ガタガタと震え出す男性に、ジョシュアはぎろりと睨みを利かせると、一際低い声で言い放った。




「貴様のような奴がこの場にいる事の方が汚らわしい。いいか、酔いが醒めたお前に待っているのは地獄だと思え。……ジャン!」

「はい」

「こいつを摘まみ出せ!」

「かしこまりました」

「ひいっ?!あ、あの!ジョシュア様……?!」




弁解の余地など無いだろう。
王子達の怒りに触れた男性は、ジャンに連れ出されてあっという間にミッシェル城から退去させられた。
一連の騒ぎに出席者達がざわめいていると、程無くしてパンパンッと乾いた拍手が広間に響いた。
ゼンだ。




「皆様、ノーブル様からのご挨拶がございます。

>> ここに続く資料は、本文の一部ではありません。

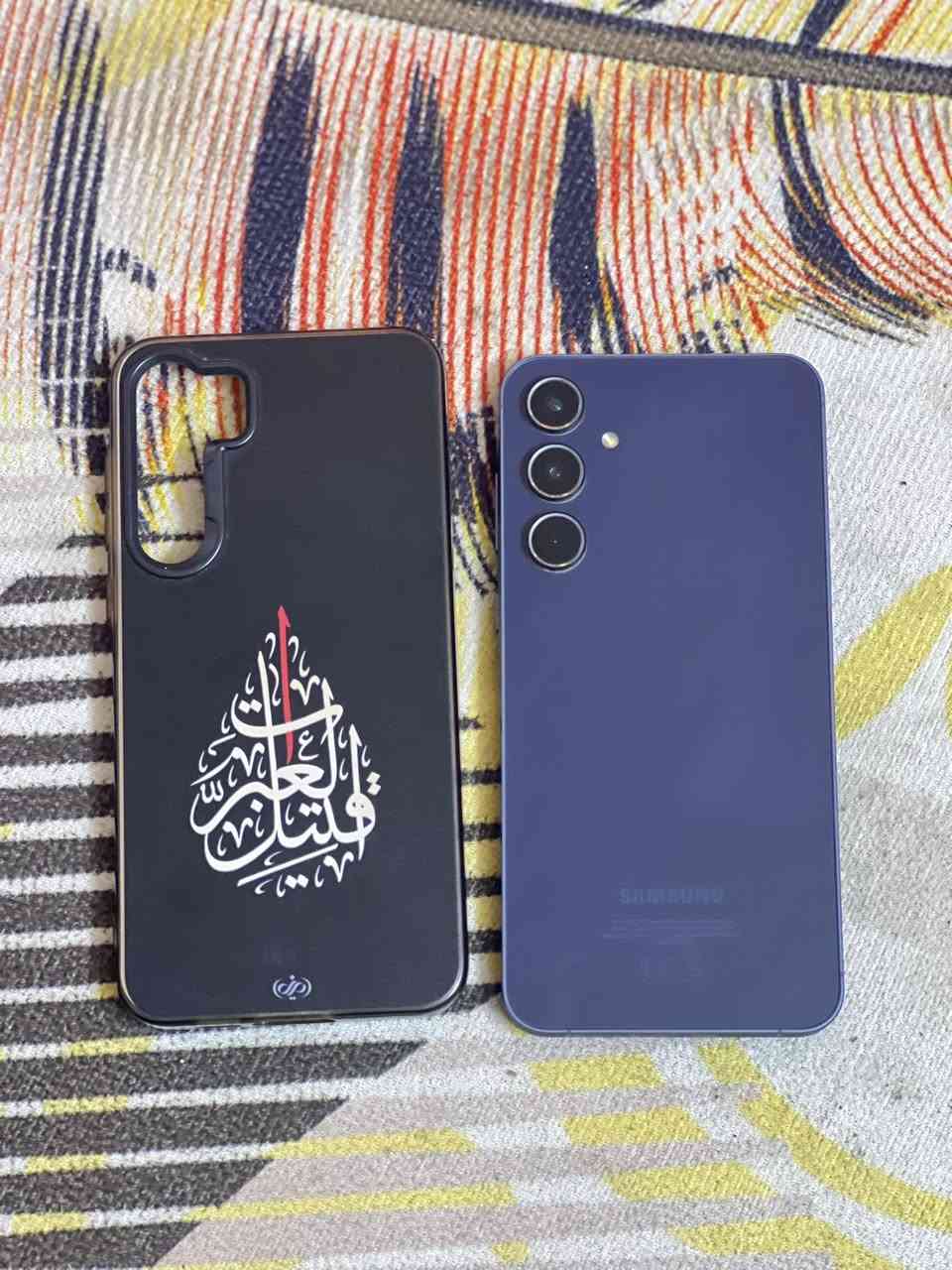 كلكسي A55
٢٥٦
ملحقاته كامله مستعمل قليل ضمان بعده ما مخلص 
سعره٣٥٠ بي مجال ***********
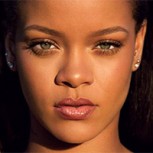 Este es el comentado look de Rihanna que le valió infinidad de críticas en las redes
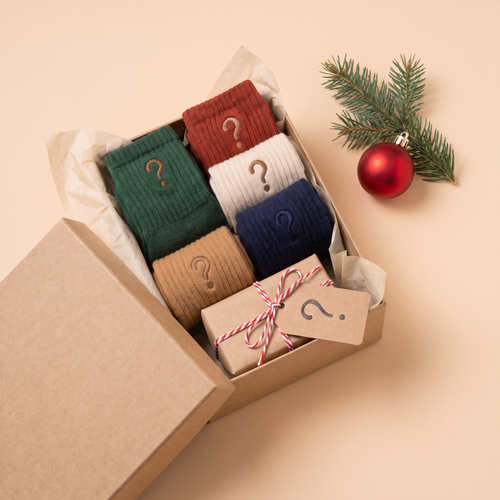 Box mystère ouverte : 5 paires de chaussettes et un cadeau surprise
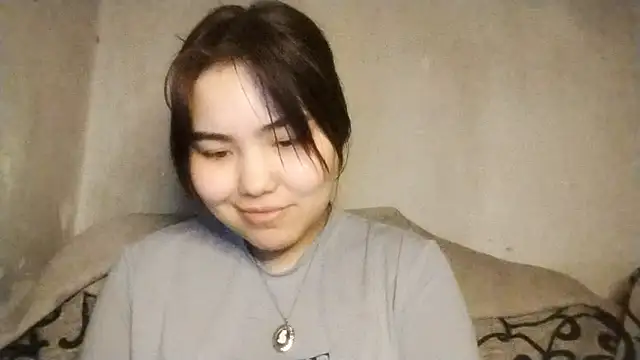CuteAngell online show from May 22, 7:45 pm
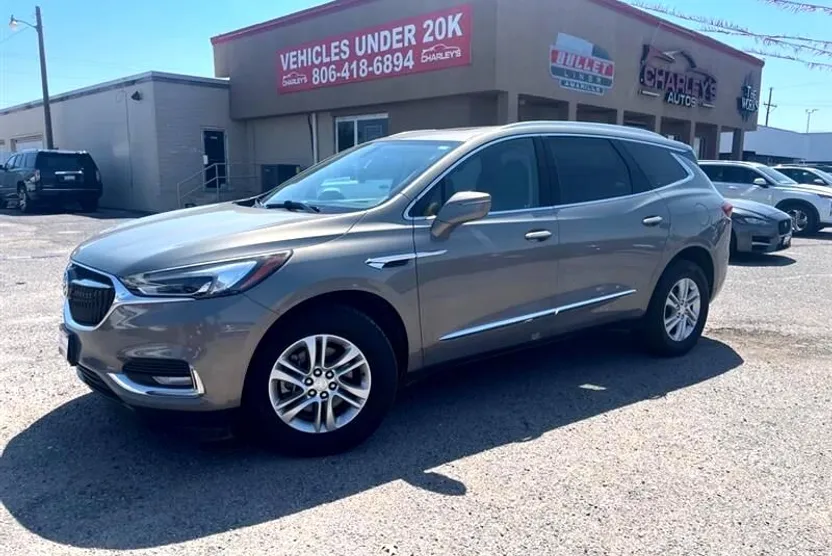 2018 Buick Enclave Essence photo 1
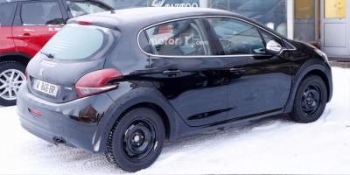 Peugeot 208 нового поколения впервые замечен на тестах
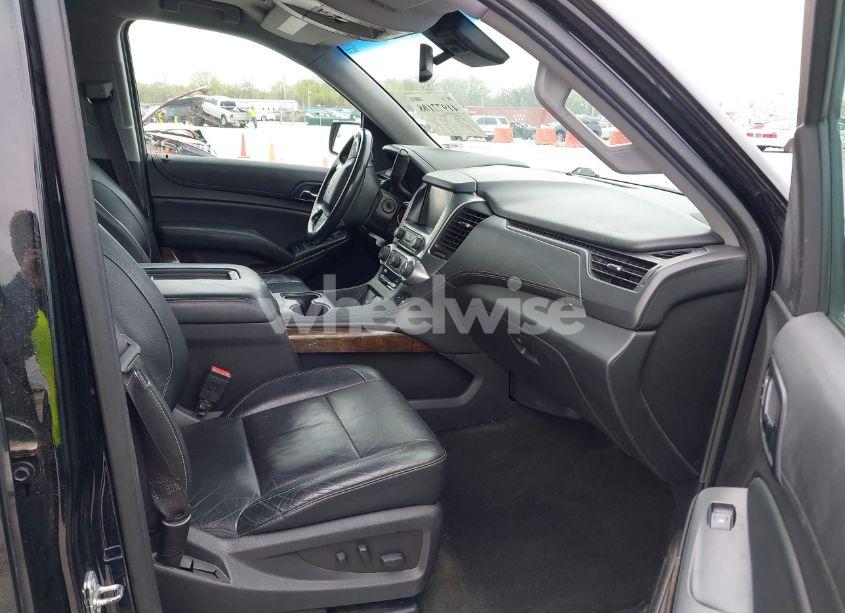 Photo 5 of 2016 Chevrolet Suburban LT (VIN 1GNSKHKC7GR315884)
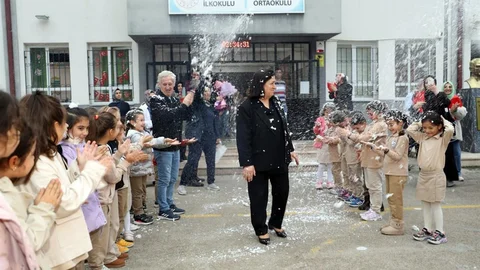 Sakarya'da Emekli Öğretmene Duygusal Veda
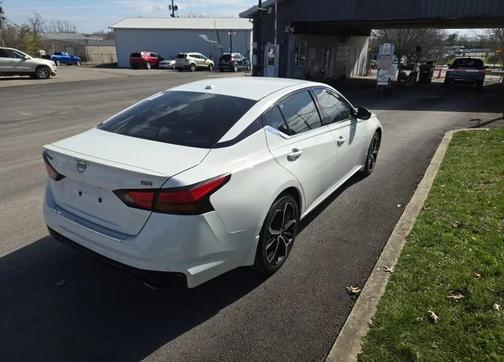 2023 Nissan Altima SR FWD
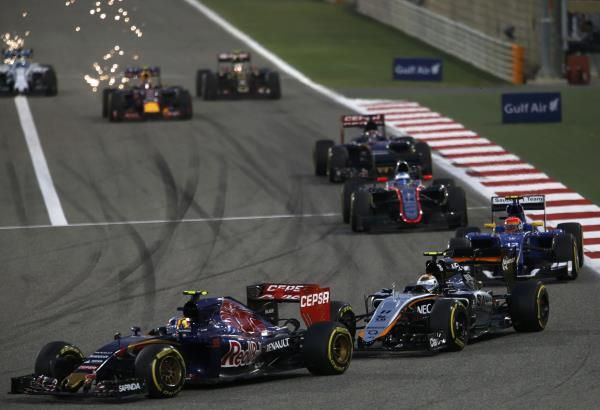 2015-04-19t163154z_867592380_lr2eb4j19wwkb_rtrmadp_3_motor-racing-prix_reuters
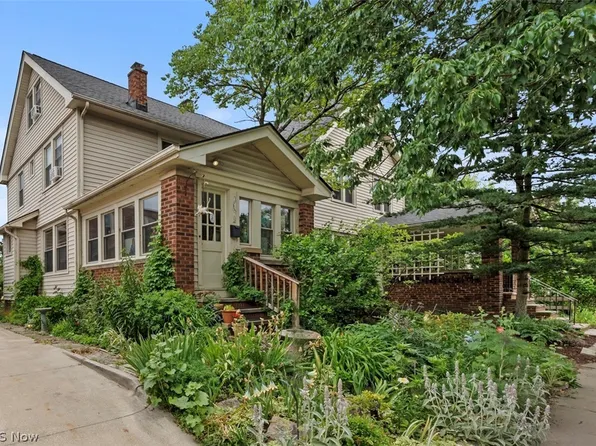 2662 Queenston Rd, Cleveland Heights, OH 44118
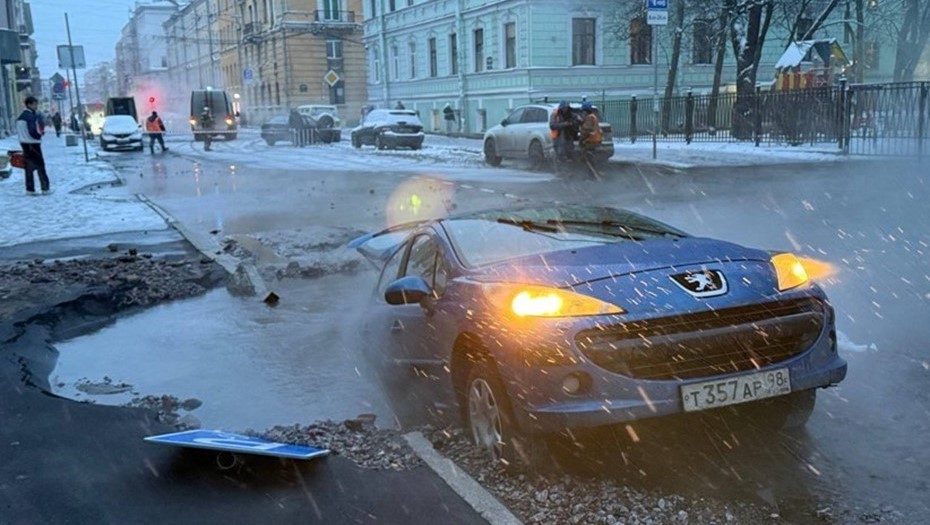 Прорыв трубопровода и провал грунта на 5-й Советской улице в Петербурге 30 декабря 
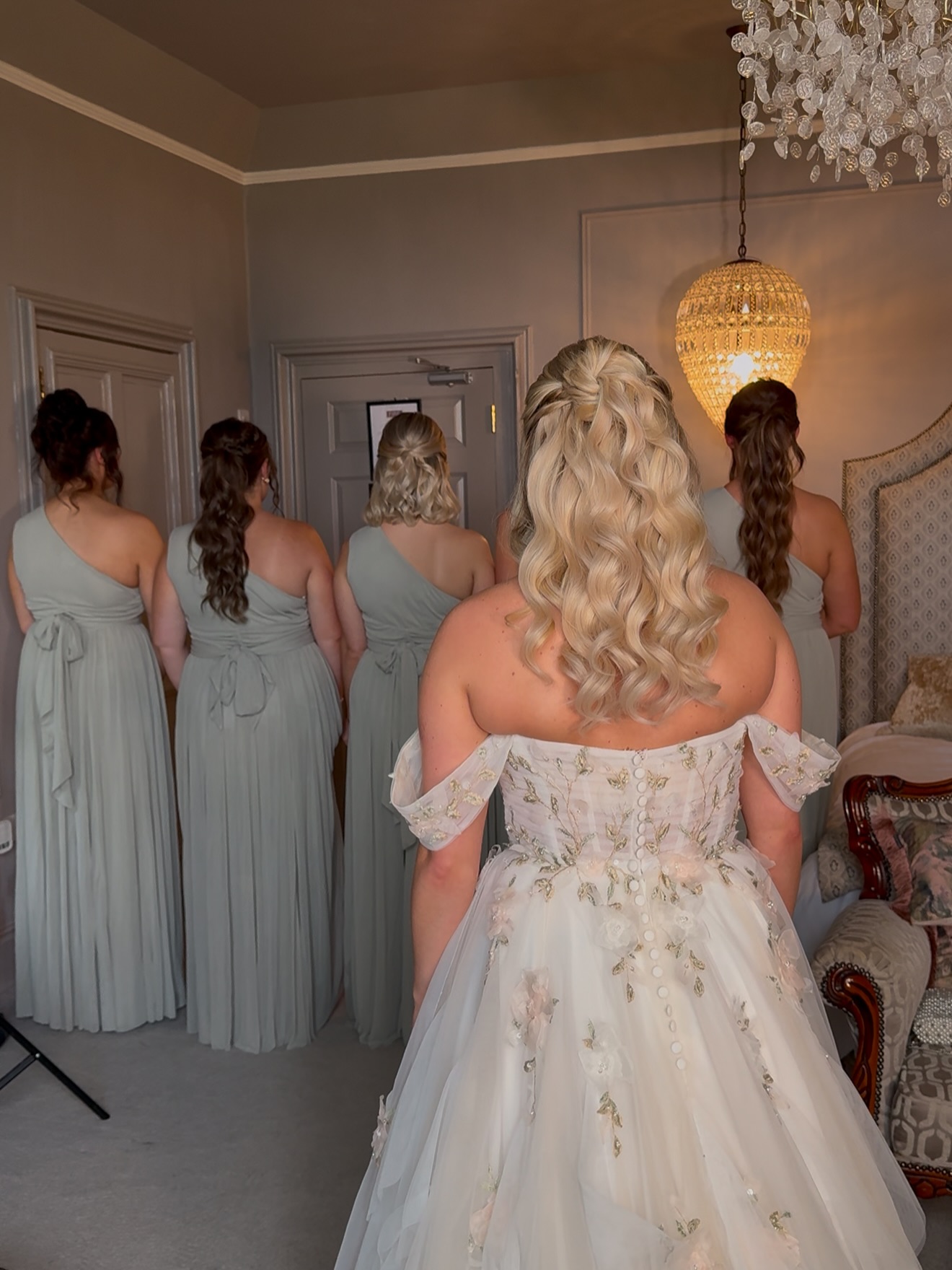 Special moments 💫
I love witnessing bridesmaid reveals, all the excitement just before you walk down the aisle. What a beautiful morning it was for Leah’s wedding day 🌸
Captured by my bestie @yoursocialcontentgem
Make up by the best @hannahmaymakeupartist
Venue @welbeckmanorhotel
.
.
.
#bridesmaidreveal #bridetobe #bridalhair #weddingmoments #bridal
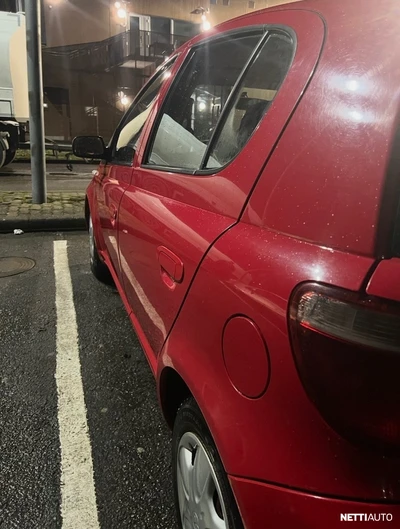 Toyota Yaris 2000, photo 5/8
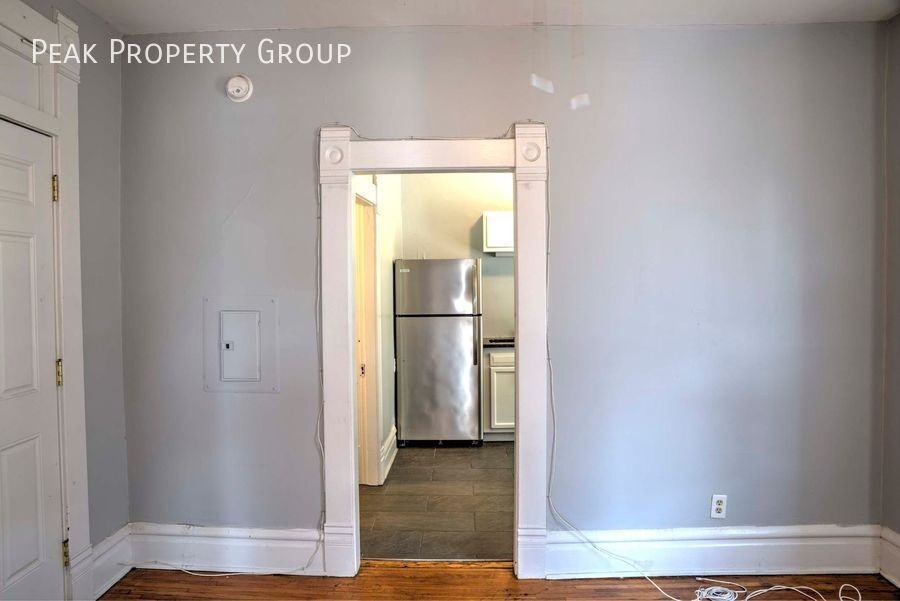 246 West 5th Avenue - Photo 5 of 9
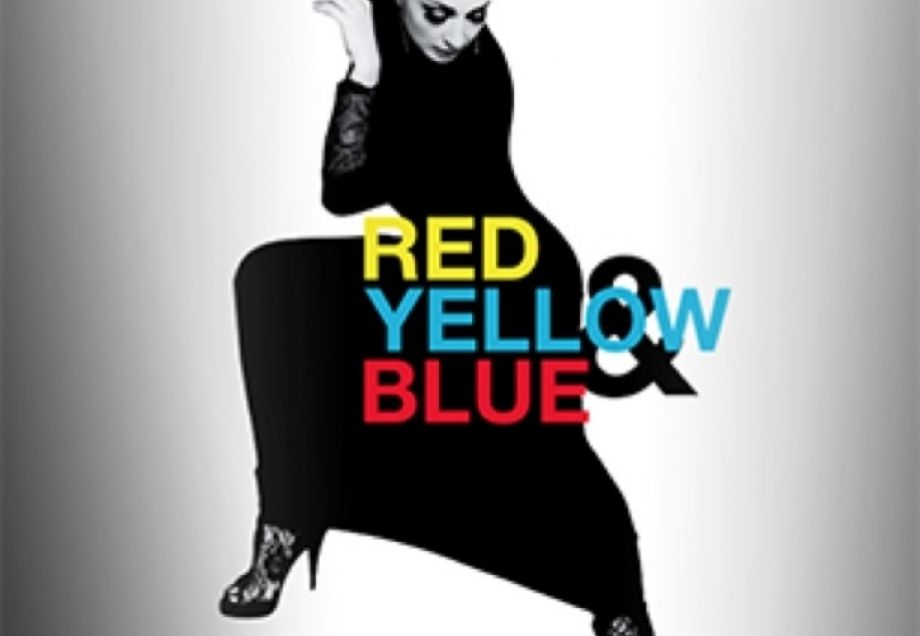 Young geeft staande ovatie voor Red, Yellow, Blue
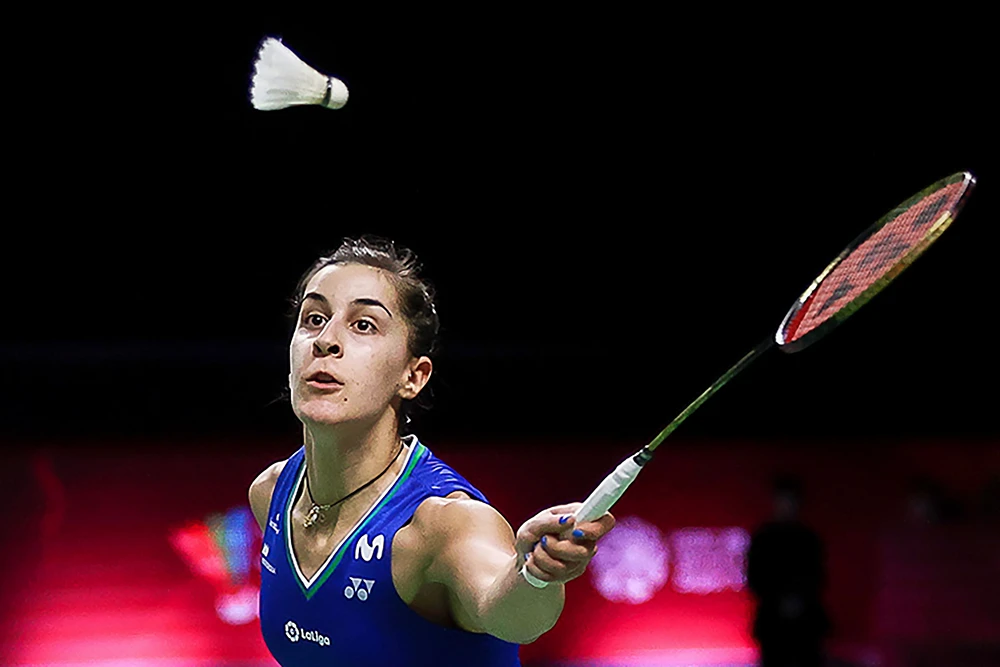 Marin and Axelsen claim back-to-back badminton titles in Bangkok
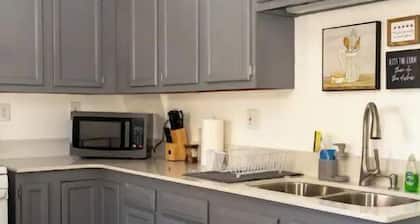 Lovely 2-bedroom rental unit w/ electric fireplace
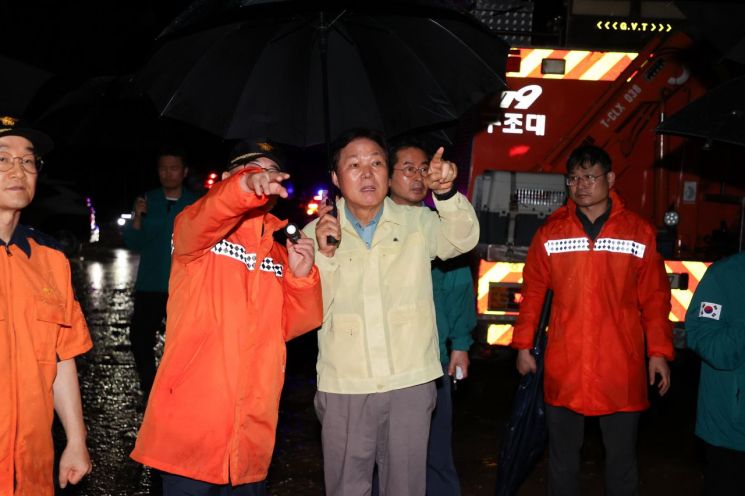 박완수 경남도지사가 집중호우로 산사태가 발생한 경남 산청군 산청읍 현장을 찾아 소방 관계자와 이야기하고 있다. 경남도 제공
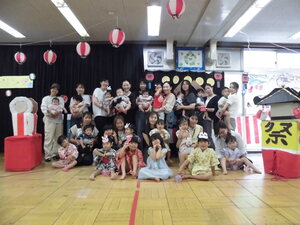 お神輿と和太鼓と一緒に夏祭りの集合写真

静粛に願います」




それは、事態を把握済みであるゼンによる機転だ。
程無くして登場したノーブルにより、騒動は元のパーティーのそれへと無事に収拾した。




「ジョシュア君、茉莉ちゃんに先越されちゃったね」

「全くだ。あいつときたら……まさか、あそこでシャンパンを浴びせるとは思わなかった。流石に俺も驚いた」

「別に、いいんじゃない?いざという時に格好いい女性も。……男前で」

「成る程、男前ですか。ウィル王子も上手い事を仰有いますね。普段は妖精のように儚くも美しい彼女が、時として我々よりも男前な一面を見せるとは……。ロベルト王子、これでは彼女をパートナーにと申し出たい我々にとっては、益々苦戦を強いられてしまいますね」

「本当だよね〜。ライバルが増えちゃうじゃんねぇ?」

「嫁にはやらんぞ?」

「え?ジョシュア君ってば、茉莉ちゃんのお父さんなんだ?」




やいのやいのと賑わう各国の王子達。
彼等から離れた其処に、レオナルドの姿はあった。
彼は「はぁ…」と溜め息を吐くと、前髪をくしゃりと掻き上げる。




「……やれやれ」




困ったように、呆れたように。
でも、何処か柔らかな微笑を口元に浮かべた彼は、誰に何を告げるでもなく、広間を一人後にするのだった。